Netflix investors hit pause after disappointing quarter
Netflix Inc. (NFLX.O) has set the bar even higher.
The company now expects to reach 150 million subscribers by the end of this quarter. Netflix shared its outlook along with its fourth-quarter results Thursday – and it highlights what's been a remarkable ride for the world's most closely-tracked streaming service.
Netflix launched its streaming service 12 years ago. At the time, streaming was such a foreign concept that the New York Times chose to cover the launch with the headline: ‘Netflix to deliver movies to the PC.’
The move was not without risk. Netflix had already been around for nearly a decade and had built up a great business delivering DVDs by mail. In fact, the shift to streaming set the company up for its biggest test. Netflix battled customer outrage in 2011 when it announced plans to split its DVD rental and streaming businesses into two brands, while hiking prices. The PR nightmare drove an even greater obsession at Netflix to ensure that the company was always doing the right thing for customers.

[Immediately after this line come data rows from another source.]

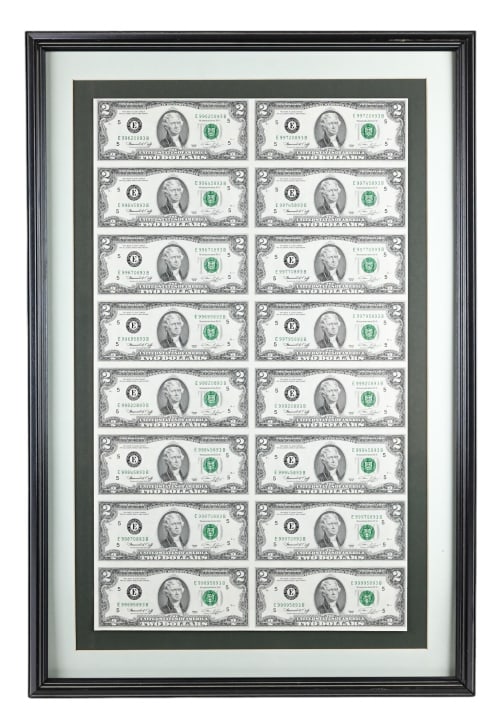 1976 Uncut Sheet U.S. $2 Dollar Bills Framed (1 of 7)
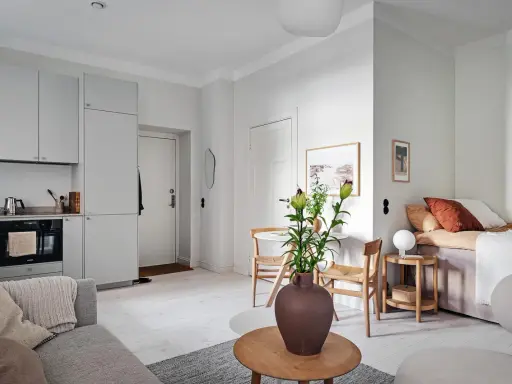 Studio 28 m2 lumineux avec cuisine intégrée, coin repas, salon et lit confortable.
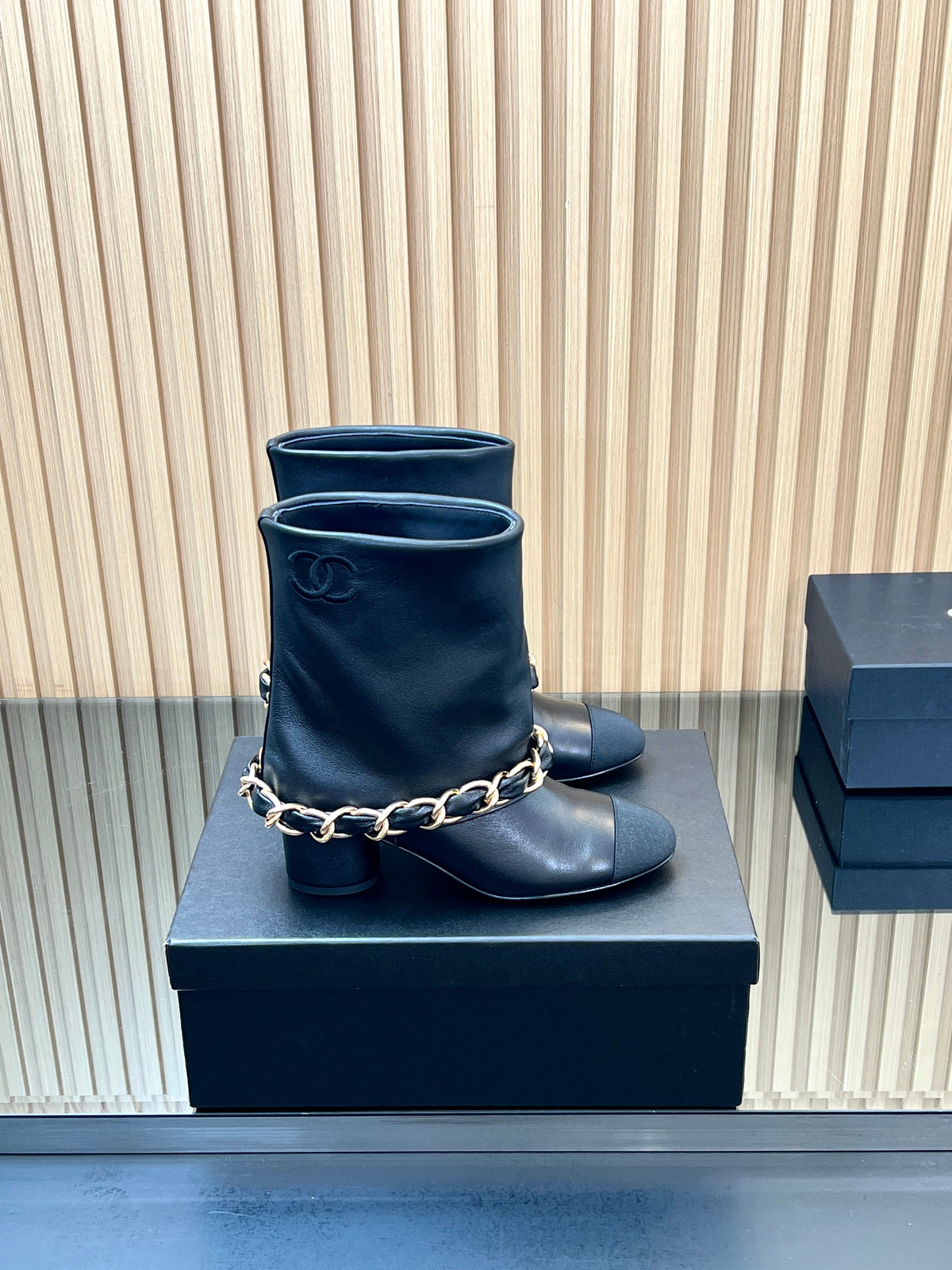 CHANEL 25S LOW BOOTS 65MM IN BLACK CALFSKIN GOLD HARDWRE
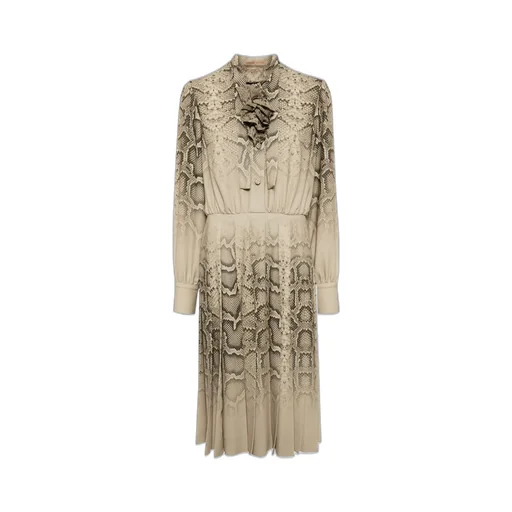 Bow-Detailed Printed Pleated Midi Dress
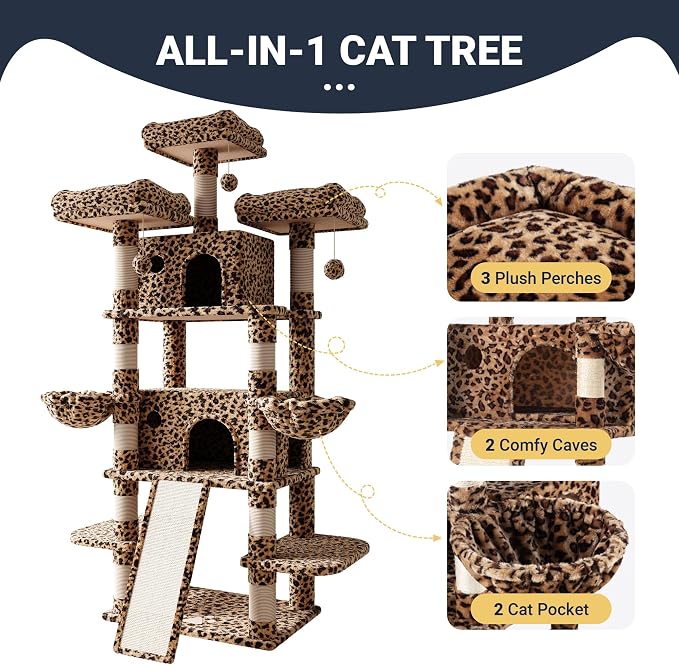 Allewie 82 Inches Large Cat Tree/House/XXL Tall Cat Towers for Big Feline/Scratching Post/Multi-Level Large Kitty Climbing Tree with Condo/Leopard Print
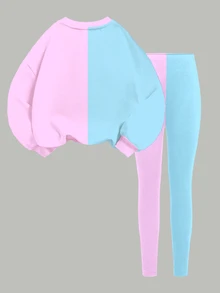 SHEIN 女童小女孩休閒復古K-卡通女孩拼接圖案圓領長袖衛衣與內搭褲2件套，適合秋冬 - 彩色 - 查看 3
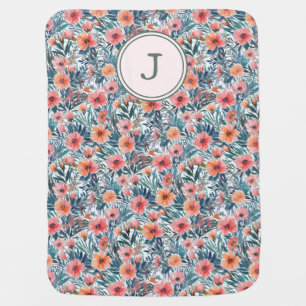 Pretty Floral Pink Peach Patterned Monogrammed Baby Blanket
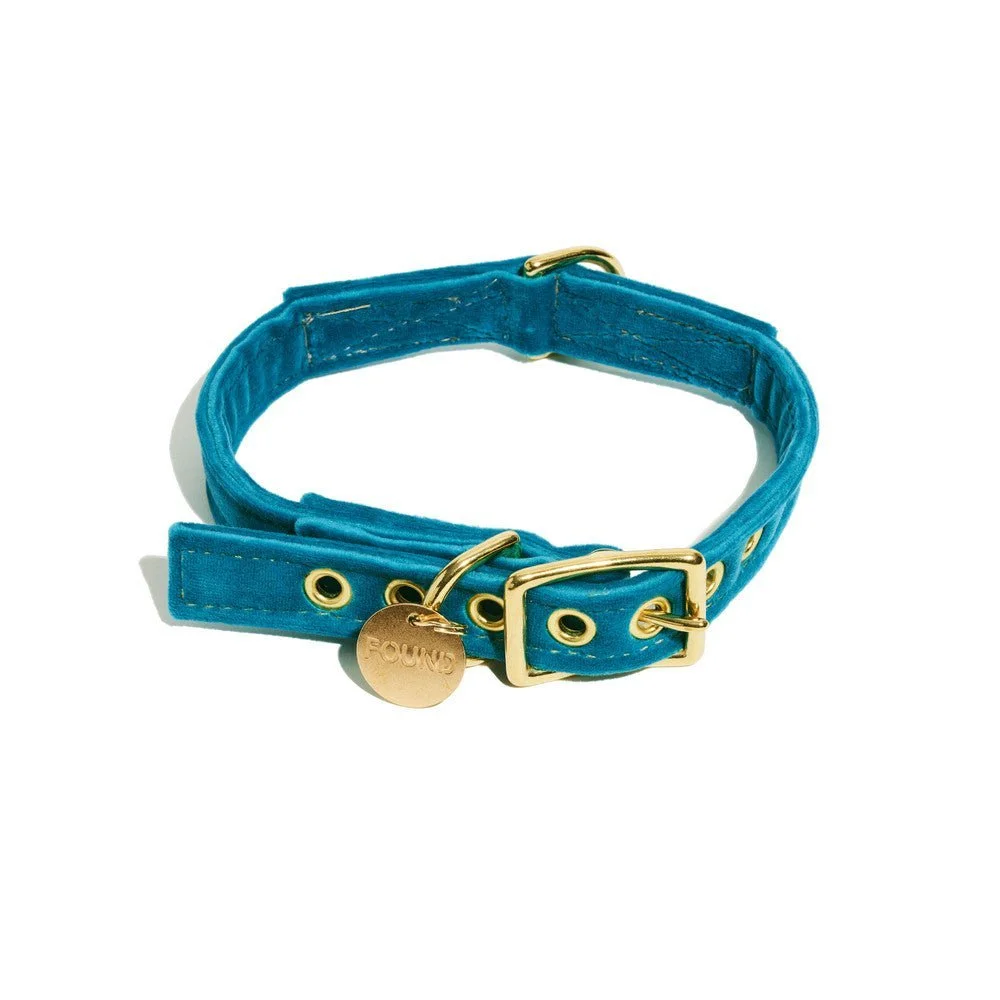 Aqua Washable Velvet Cat & Dog Collar by Found My Animal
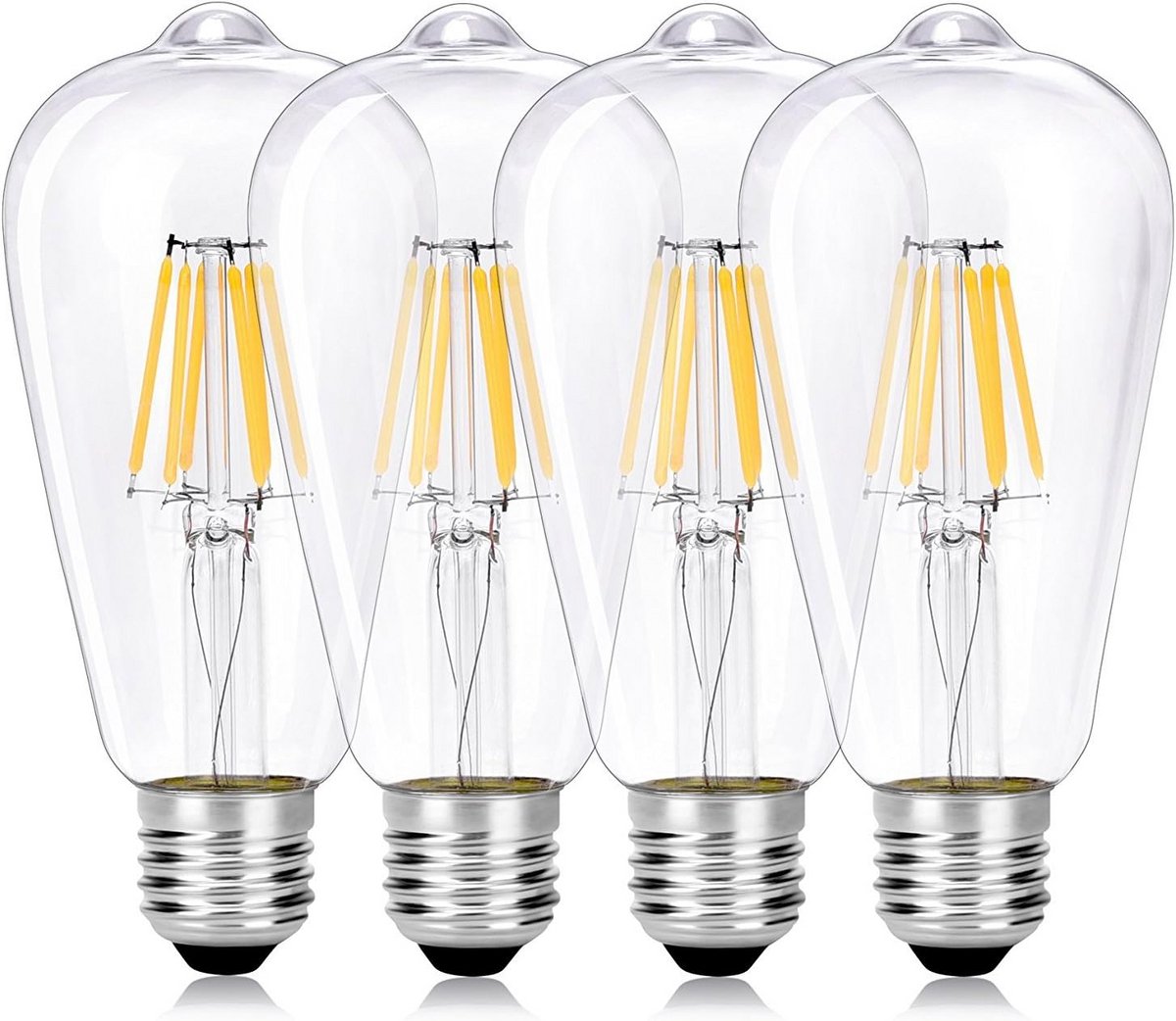 LED Filament Lamp E27 ST64 Vintage Edison Stijl 6W Warm Wit Dimbaar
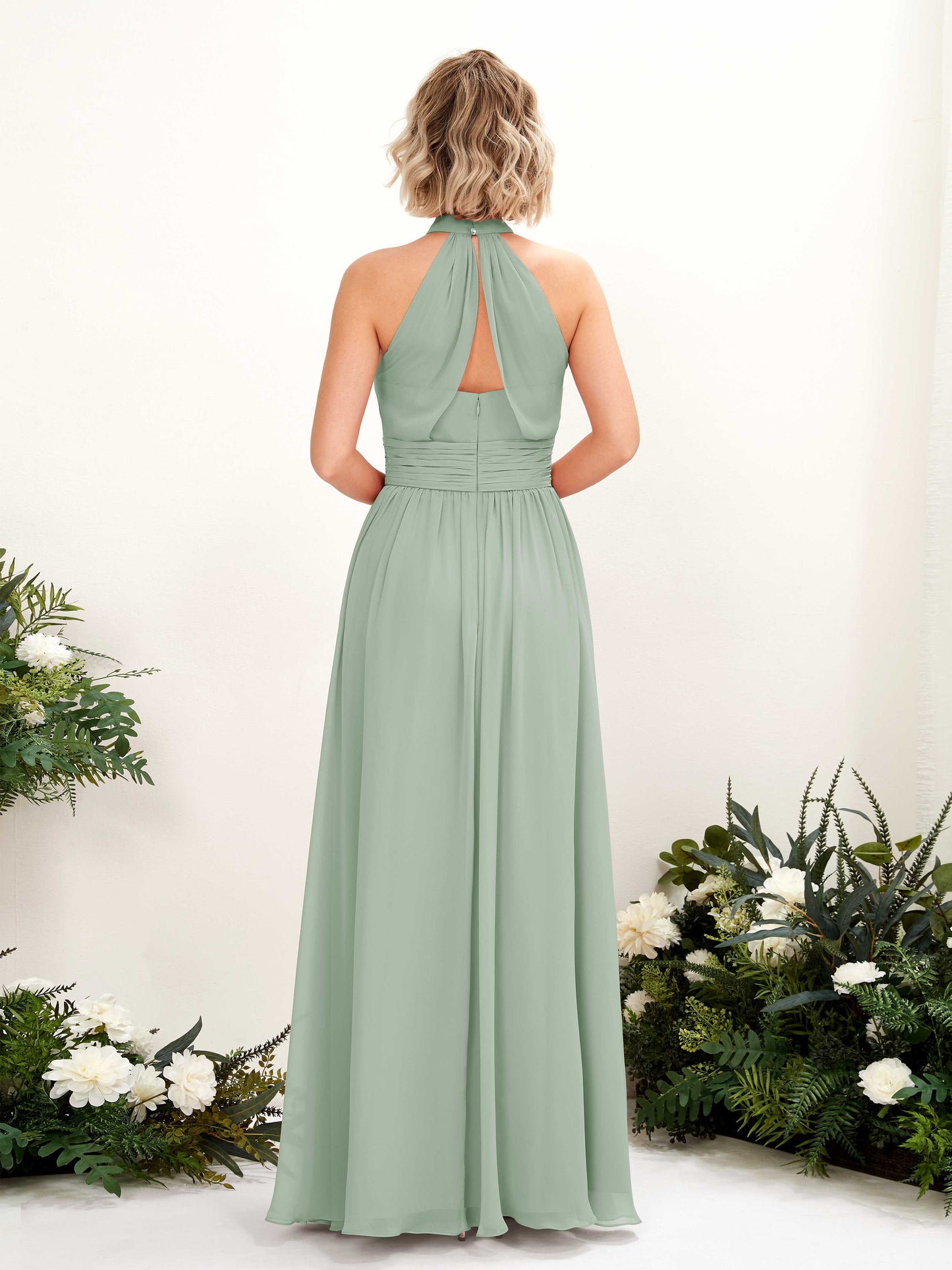 Hilda Sage Green Halter Maxi Dress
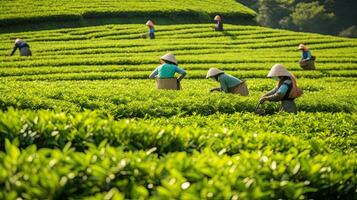 Tee pflücken beim das Tee Plantage beim das Stadt, Dorf von mae Salong Norden von das Stadt Chiang Rai im Norden Thailand. generativ ai foto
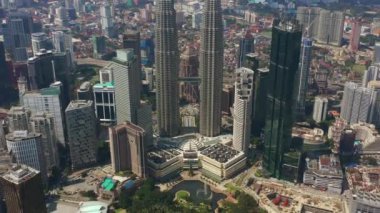 KUALA LUMPUR, MALAYSIA - SEPTEMBER 25 2019: kuala lumpur downtown aerial panorama 4k circa september 25 2019 kuala lumpur 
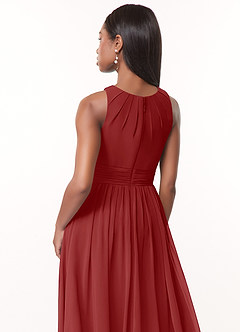 Azazie Harper Bridesmaid Dresses Rust A-Line Pleated Chiffon Dress image4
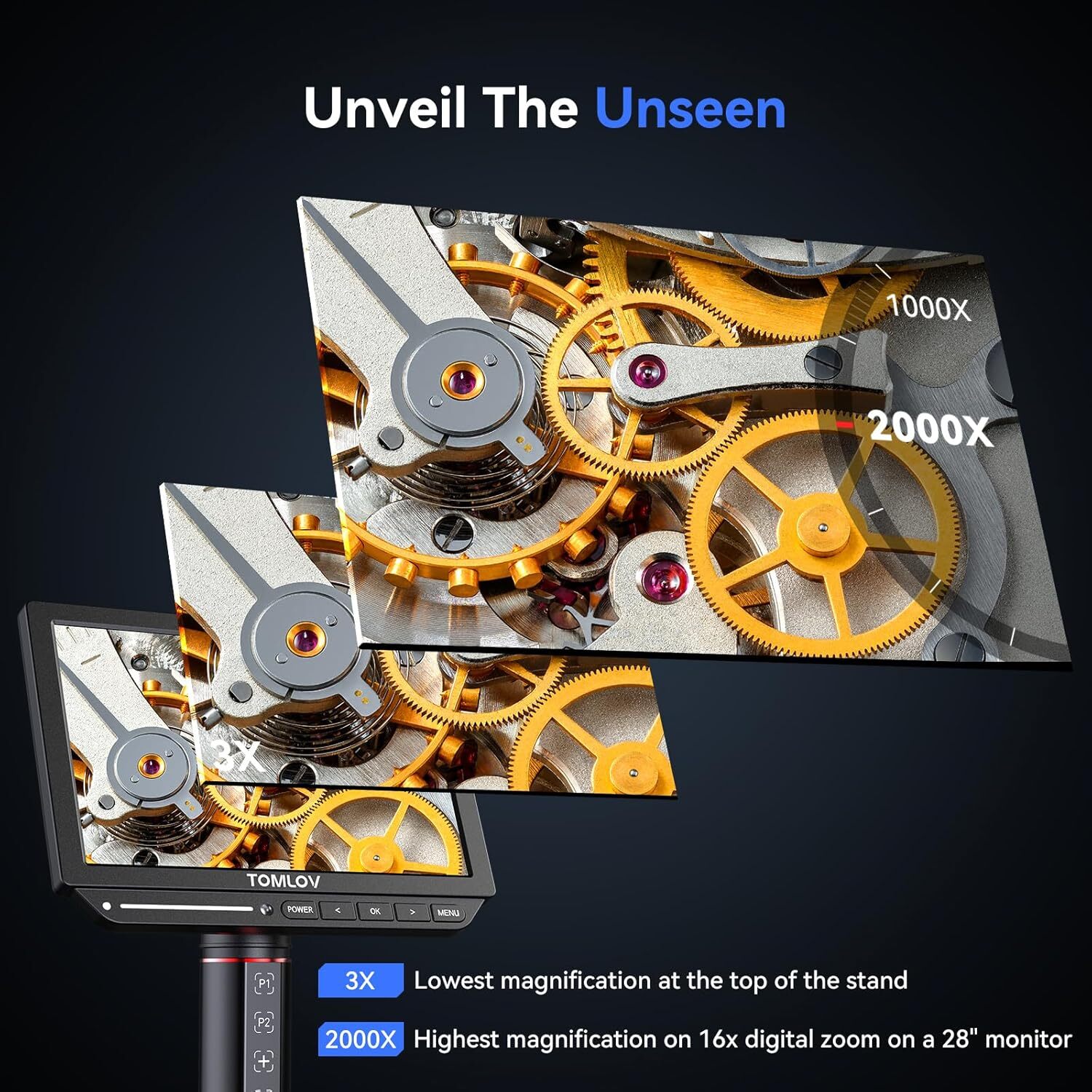 4K AutoFocus Digital Microscope 8" HDMI Soldering Microscope 2000x Flexible Arm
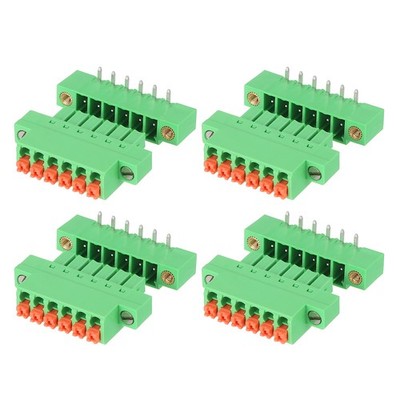 4 Set 0.15'' Pitch Spring PCB Wiring Terminals 6 Right Angle Pin for 26-16AWG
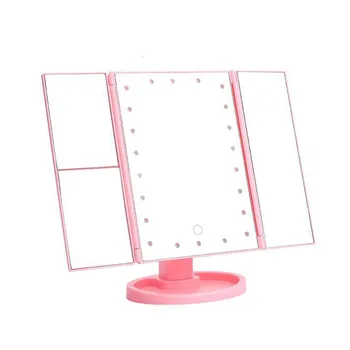 

Led Touch Induction MakeupMirror Three Sides Fold Bring Lamp Mirror Desktop Benchtop Mirror Originality Fold Dressing Mirror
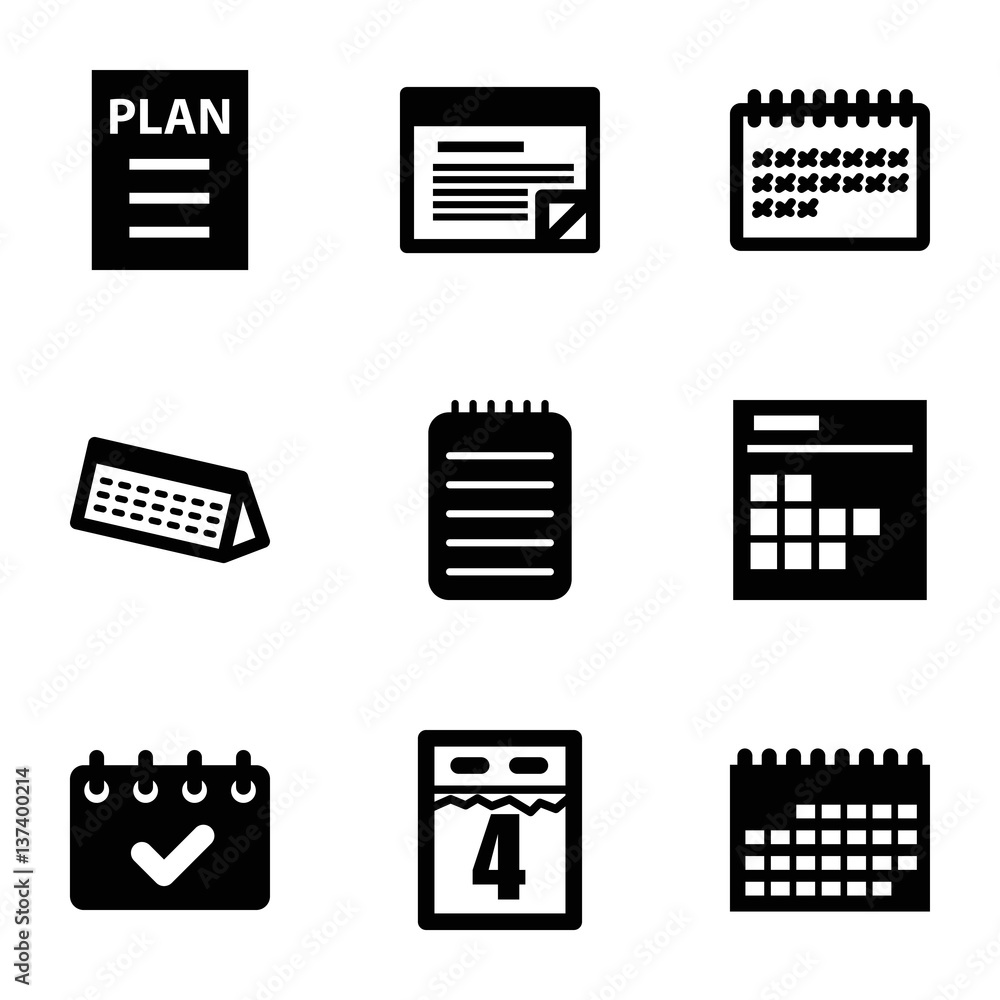 Set of 9 agenda filled icons Set of 9 agenda filled icons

When Netflix launched its streaming business, its market valuation was roughly US$2 billion. Today, it's worth more than 70 times that amount. And while few could have predicted just how valuable the shift would be, it's a reminder of how quickly tech platforms can scale.
The proof is in the numbers. In its first 10 years of operations, Netflix grew quickly, but its total subscriber numbers (largely DVD subscribers) had not yet reached 10 million. By comparison, Netflix has added more than 140 million subscribers in the past decade globally, with a big chunk of that growth coming from markets outside the U.S. and Canada.
Of course, Netflix is not alone in controlling a fast-growing content platform. Spotify is estimated to be nearing 100 million paying subscribers worldwide. Apple Music and Amazon Prime Video are also growing like weeds.
For traditional players, the question is: can the Netflix model be replicated? Big media companies continue to roll out their own streaming offerings. And later this year, we'll see one of the most high-profile examples to date, as Disney prepares to launch its own streaming service.